Remember that Polars is designed so that computations run in Rust, not Python, where it's like 1000x faster. If you have Python operations you want to run, you lose a lot of the benefit of using Polars in the first place.
But, thankfully, Polars does have a very nice feature that is relevant here, which is “native” processing of dataclasses
.
import polars as pl
from dataclasses import dataclass
@dataclass
class Summary:
value: float
origin: str
def __mul__(self, x: float | int) -> "Summary":
return Summary(self.value * x, self.origin)

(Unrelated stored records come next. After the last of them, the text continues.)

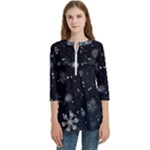 Snowflakes Snow Snowfall Snowing Women s Zip Front V-Neck 3/4 Sleeve Casual Top Pocket Shirt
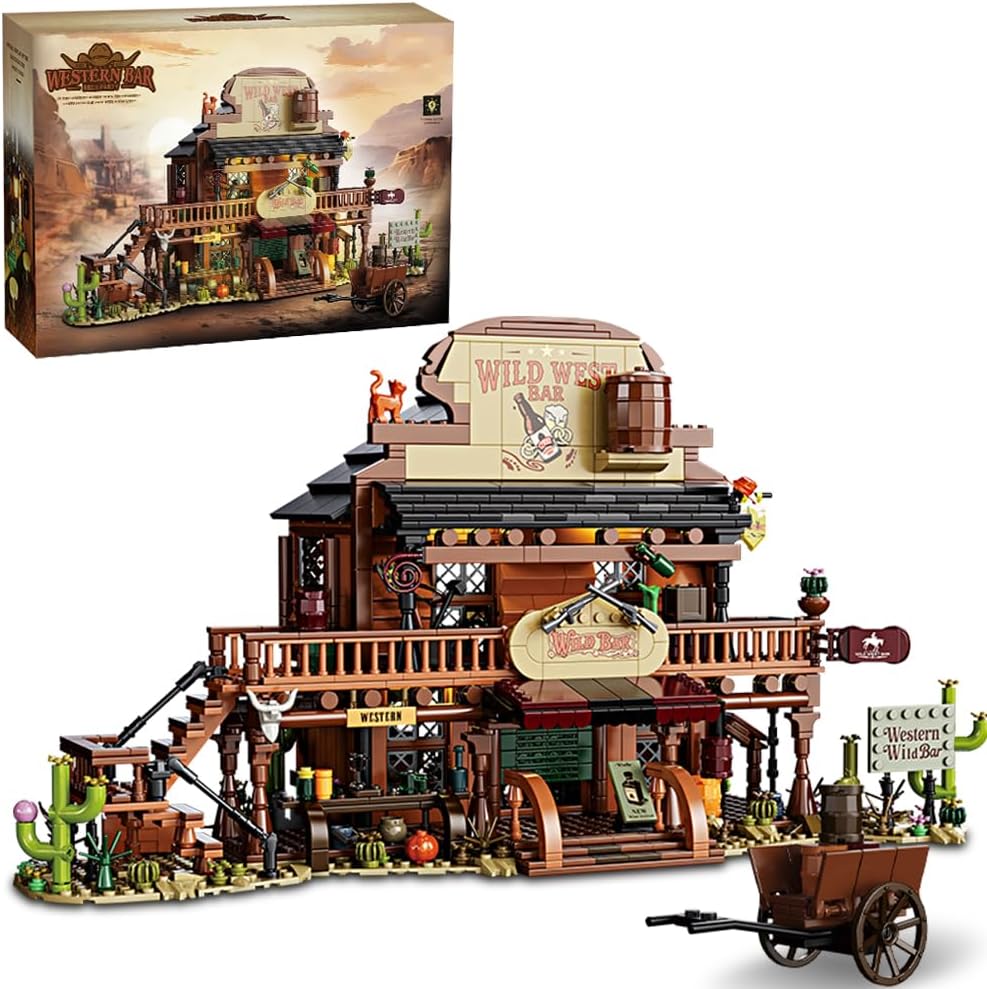 Brick-built Wild West saloon bar with wooden facade and balcony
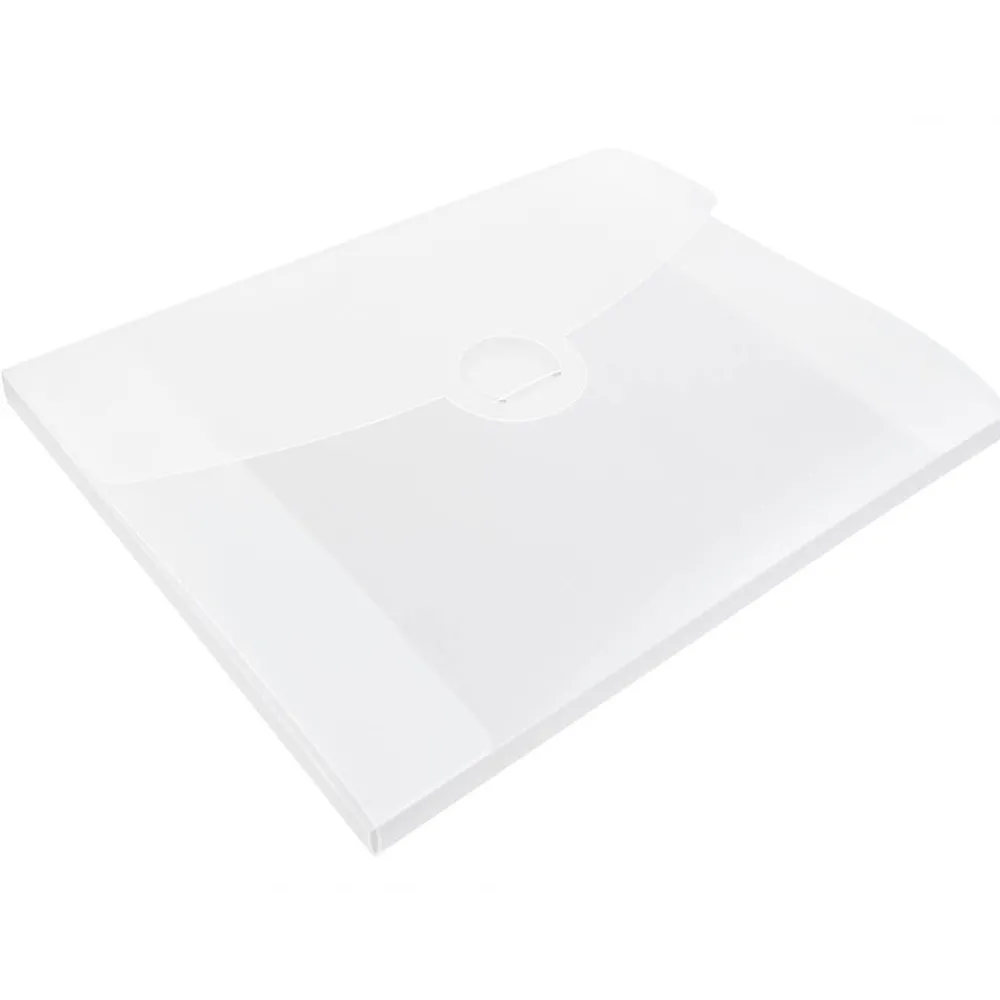 Plastic Portfolio Case with Circular Tuck Flap Closure, Clear Frost, 24/Carton (3788B)<JAM Paper New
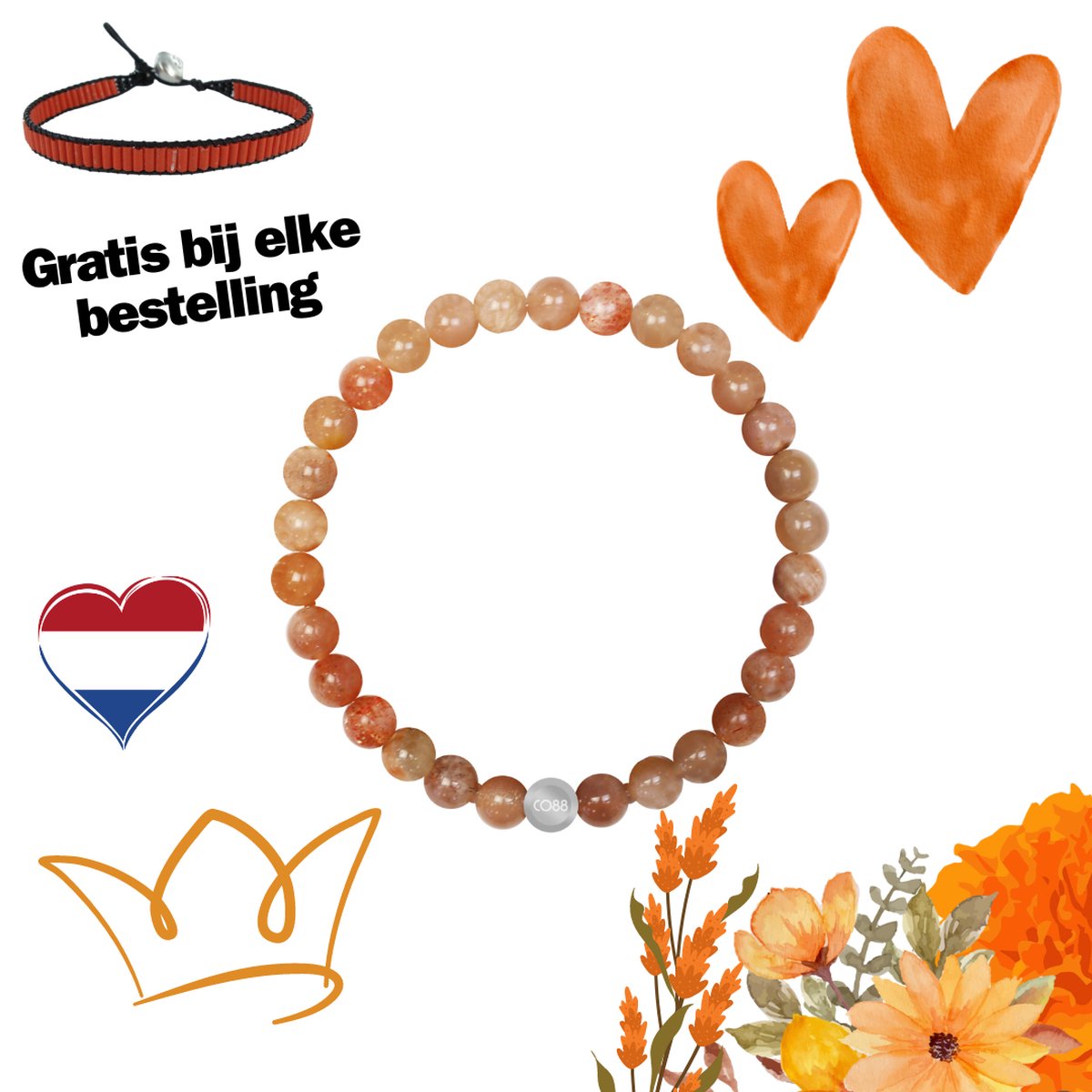 CO88 Collection 8CB-91103-S-M Stenen Armband Helioliet Sunstone - 6mm - 17,5cm - Rekbaar - Koningsdag - Licht Oranje Tinten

def __rmul__(self, x: float | int) -> "Summary":
return self * x
mapping = {
"CASH": Summary(1, "E"),
"ITEM": Summary(-9, "A"),
"CHECK": Summary(46, "A"),
}
df = pl.DataFrame(
{
"quantity": [7, 4, 10],
"type": mapping.keys(),
"summary": mapping.values(),
}
)
df
Because Summary
is a dataclass
, you 1. don't need __init__
and __repr__
(they come for free), and 2. don't need to do anything special for Polars to struct-ify them.
shape: (3, 3)
┌──────────┬───────┬────────────┐
│ quantity ┆ type ┆ summary │
│ --- ┆ --- ┆ --- │
│ i64 ┆ str ┆ struct[2] │
╞══════════╪═══════╪════════════╡
│ 7 ┆ CASH ┆ {1.0,"E"} │
│ 4 ┆ ITEM ┆ {-9.0,"A"} │
│ 10 ┆ CHECK ┆ {46.0,"A"} │
└──────────┴───────┴────────────┘
Now you can just do regular Polars struct ops:
df.with_columns(
qty_summary=pl.struct(
pl.col("summary").struct.field("value") * pl.col("quantity"),
pl.col("summary").struct.field("origin"),
)
)